In some embodiments, nucleotide analogues comprise modified bases such as, but not limited to, 5-propynyluridine, 5-propynylcytidine, 6-methyladenine, 6-methylguanine, N,N,-dimethyladenine, 2-propyladenine, 2-propylguanine, 2-aminoadenine, 1-methylinosine, 3-methyluridine, 5-methylcytidine, 5-methyluridine and other nucleotides having a modification at the 5 position, 5-(2-amino) propyl uridine, 5-halocytidine, 5-halouridine, 4-acetylcytidine, 1-methyladenosine, 2-methyladenosine, 3-methylcytidine, 6-methyluridine, 2-methylguanosine, 7-methylguanosine, 2,2-dimethylguanosine, 5-methylaminoethyluridine, 5-methyloxyuridine, deazanucleotides (such as 7-deaza-adenosine, 6-azouridine, 6-azocytidine, or 6-azothymidine), 5-methyl-2-thiouridine, other thio bases (such as 2-thiouridine, 4-thiouridine, and 2-thiocytidine), dihydrouridine, pseudouridine, queuosine, archaeosine, naphthyl and substituted naphthyl groups, any O- and N-alkylated purines and pyrimidines (such as N6-methyladenosine, 5-methylcarbonylmethyluridine, uridine 5-oxyacetic acid, pyridine-4-one, or pyridine-2-one), phenyl and modified phenyl groups (such as aminophenol or 2,4,6-trimethoxy benzene), modified cytosines that act as G-clamp nucleotides, 8-substituted adenines and guanines, 5-substituted uracils and thymines, azapyrimidines, carboxyhydroxyalkyl nucleotides, carboxyalkylaminoalkyi nucleotides, and alkylcarbonylalkylated nucleotides.

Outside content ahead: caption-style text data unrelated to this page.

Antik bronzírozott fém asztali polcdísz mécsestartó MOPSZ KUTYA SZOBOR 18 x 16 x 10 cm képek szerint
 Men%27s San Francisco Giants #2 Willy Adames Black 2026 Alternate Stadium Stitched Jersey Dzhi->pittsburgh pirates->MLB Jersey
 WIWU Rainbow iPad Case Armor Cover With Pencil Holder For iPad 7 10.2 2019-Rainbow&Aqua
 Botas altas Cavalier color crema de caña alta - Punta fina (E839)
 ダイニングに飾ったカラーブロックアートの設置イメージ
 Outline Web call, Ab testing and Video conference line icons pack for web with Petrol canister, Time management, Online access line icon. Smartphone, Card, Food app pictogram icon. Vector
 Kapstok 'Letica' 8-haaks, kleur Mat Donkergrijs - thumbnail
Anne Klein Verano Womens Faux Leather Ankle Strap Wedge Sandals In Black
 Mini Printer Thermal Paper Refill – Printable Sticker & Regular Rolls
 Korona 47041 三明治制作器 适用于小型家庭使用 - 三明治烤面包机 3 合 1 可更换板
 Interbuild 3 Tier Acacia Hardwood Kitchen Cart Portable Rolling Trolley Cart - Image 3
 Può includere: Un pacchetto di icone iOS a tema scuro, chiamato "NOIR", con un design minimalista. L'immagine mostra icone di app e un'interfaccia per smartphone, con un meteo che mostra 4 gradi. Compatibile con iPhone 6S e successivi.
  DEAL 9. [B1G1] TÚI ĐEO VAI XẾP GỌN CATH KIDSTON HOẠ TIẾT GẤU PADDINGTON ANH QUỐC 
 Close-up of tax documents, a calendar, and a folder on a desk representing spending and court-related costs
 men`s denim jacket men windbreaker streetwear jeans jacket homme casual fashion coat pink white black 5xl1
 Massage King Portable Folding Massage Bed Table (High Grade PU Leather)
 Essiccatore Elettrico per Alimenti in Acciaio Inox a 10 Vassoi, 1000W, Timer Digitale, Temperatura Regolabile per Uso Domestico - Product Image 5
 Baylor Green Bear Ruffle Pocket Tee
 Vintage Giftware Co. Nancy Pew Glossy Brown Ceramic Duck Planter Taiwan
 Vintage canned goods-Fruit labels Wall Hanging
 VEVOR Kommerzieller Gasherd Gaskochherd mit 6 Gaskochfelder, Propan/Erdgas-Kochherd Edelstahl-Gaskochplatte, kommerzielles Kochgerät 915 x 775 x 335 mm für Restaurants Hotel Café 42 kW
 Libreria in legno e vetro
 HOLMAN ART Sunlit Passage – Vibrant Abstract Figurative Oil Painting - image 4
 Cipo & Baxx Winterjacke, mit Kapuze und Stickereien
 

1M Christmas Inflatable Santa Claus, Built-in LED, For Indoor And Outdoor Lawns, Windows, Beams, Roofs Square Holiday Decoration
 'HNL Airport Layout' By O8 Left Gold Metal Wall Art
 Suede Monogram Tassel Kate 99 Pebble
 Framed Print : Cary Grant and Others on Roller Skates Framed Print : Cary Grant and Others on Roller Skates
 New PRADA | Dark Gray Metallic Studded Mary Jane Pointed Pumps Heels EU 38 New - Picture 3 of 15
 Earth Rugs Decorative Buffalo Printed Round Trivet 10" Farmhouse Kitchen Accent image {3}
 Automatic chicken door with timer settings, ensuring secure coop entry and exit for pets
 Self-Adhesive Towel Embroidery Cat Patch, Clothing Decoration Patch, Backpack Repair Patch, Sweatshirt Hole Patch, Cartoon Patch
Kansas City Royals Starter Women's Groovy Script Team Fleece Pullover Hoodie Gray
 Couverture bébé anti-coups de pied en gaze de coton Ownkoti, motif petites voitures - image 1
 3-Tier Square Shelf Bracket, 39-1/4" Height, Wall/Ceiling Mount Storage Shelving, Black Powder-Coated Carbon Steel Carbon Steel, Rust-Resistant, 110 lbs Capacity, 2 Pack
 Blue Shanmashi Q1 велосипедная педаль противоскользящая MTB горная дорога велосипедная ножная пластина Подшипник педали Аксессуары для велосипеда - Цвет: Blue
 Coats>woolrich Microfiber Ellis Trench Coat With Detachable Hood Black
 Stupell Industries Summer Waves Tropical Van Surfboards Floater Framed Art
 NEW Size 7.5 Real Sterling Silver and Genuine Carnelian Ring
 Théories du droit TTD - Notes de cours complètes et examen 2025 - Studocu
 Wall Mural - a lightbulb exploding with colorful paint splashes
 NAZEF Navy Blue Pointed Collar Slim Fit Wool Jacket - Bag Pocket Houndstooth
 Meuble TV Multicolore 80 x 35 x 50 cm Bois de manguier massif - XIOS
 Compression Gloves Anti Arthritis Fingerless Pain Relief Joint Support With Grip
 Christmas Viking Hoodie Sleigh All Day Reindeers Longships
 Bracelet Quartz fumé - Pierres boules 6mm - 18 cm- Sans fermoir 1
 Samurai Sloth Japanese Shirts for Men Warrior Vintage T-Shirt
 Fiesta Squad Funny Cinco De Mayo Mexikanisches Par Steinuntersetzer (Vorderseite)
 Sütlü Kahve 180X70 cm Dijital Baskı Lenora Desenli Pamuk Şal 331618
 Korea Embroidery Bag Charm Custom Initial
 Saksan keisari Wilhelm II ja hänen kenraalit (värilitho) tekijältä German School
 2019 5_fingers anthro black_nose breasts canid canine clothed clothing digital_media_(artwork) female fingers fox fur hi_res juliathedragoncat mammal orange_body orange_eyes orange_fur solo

Modified nucleotides also include those nucleotides that are modified with respect to the sugar moiety, as well as nucleotides having sugars or analogs thereof that are not ribosyl. For example, the sugar moieties, in some cases are, or are based on, mannoses, arabinoses, glucopyranoses, galactopyranoses, 4′-thioribose, and other sugars, heterocycles, or carbocycles. The term nucleotide also includes what are known in the art as universal bases. By way of example, universal bases include, but are not limited to, 3-nitropyrrole, 5-nitroindole, or nebularine.

In some embodiments, nucleotide analogues further comprise morpholinos, peptide nucleic acids (PNAs), methylphosphonate nucleotides, thiolphosphonate nucleotides, 2′-fluoro N3-P5′-phosphoramidites, 1′,5′-anhydrohexitol nucleic acids (HNAs), or a combination thereof. Morpholino or phosphorodiamidate morpholino oligo (PMO) comprises synthetic molecules whose structure mimics natural nucleic acid structure but deviates from the normal sugar and phosphate structures. In some instances, the five member ribose ring is substituted with a six member morpholino ring containing four carbons, one nitrogen and one oxygen. In some cases, the ribose monomers are linked by a phosphordiamidate group instead of a phosphate group. In such cases, the backbone alterations remove all positive and negative charges making morpholinos neutral molecules capable of crossing cellular membranes without the aid of cellular delivery agents such as those used by charged oligonucleotides.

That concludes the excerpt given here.